_WORK INSTRUCTIONS_
Identify every line in the records below that contains the word "Court", and reproduce each one.

▼▼▼

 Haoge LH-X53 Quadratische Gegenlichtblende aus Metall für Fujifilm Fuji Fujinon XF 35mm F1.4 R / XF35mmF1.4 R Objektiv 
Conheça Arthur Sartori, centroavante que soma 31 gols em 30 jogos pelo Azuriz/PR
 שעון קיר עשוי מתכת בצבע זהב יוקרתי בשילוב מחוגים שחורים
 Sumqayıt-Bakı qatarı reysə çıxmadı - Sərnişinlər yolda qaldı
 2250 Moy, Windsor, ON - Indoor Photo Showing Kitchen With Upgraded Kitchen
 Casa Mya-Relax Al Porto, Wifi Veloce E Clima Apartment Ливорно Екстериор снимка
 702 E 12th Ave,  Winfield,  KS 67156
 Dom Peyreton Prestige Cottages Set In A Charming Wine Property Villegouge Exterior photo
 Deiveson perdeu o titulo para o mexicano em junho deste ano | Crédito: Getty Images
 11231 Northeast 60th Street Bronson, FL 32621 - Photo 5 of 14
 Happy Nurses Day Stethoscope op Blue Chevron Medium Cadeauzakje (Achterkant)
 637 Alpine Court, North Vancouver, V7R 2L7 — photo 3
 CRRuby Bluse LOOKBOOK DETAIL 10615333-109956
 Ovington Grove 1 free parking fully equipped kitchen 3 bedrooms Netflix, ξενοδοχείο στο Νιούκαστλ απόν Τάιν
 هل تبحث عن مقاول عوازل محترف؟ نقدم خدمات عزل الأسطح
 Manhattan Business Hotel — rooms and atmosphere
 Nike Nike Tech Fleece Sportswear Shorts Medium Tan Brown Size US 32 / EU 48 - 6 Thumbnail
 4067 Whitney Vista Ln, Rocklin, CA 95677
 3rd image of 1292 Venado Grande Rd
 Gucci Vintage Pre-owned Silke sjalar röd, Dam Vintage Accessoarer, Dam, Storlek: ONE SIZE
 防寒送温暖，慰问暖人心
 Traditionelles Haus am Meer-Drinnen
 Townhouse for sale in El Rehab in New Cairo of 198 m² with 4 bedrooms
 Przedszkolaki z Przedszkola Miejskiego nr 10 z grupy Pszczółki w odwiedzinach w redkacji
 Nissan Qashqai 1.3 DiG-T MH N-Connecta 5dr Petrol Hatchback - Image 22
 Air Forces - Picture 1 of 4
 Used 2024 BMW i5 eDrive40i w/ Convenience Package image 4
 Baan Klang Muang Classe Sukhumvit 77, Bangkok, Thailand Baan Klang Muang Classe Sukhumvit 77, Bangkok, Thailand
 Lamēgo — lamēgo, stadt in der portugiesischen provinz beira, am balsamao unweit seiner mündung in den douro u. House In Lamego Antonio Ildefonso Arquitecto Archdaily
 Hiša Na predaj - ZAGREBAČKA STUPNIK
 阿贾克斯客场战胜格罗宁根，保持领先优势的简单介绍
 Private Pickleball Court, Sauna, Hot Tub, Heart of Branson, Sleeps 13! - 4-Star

▲▲▲

_TASK RESULT_
 637 Alpine Court, North Vancouver, V7R 2L7 — photo 3
 Private Pickleball Court, Sauna, Hot Tub, Heart of Branson, Sleeps 13! - 4-Star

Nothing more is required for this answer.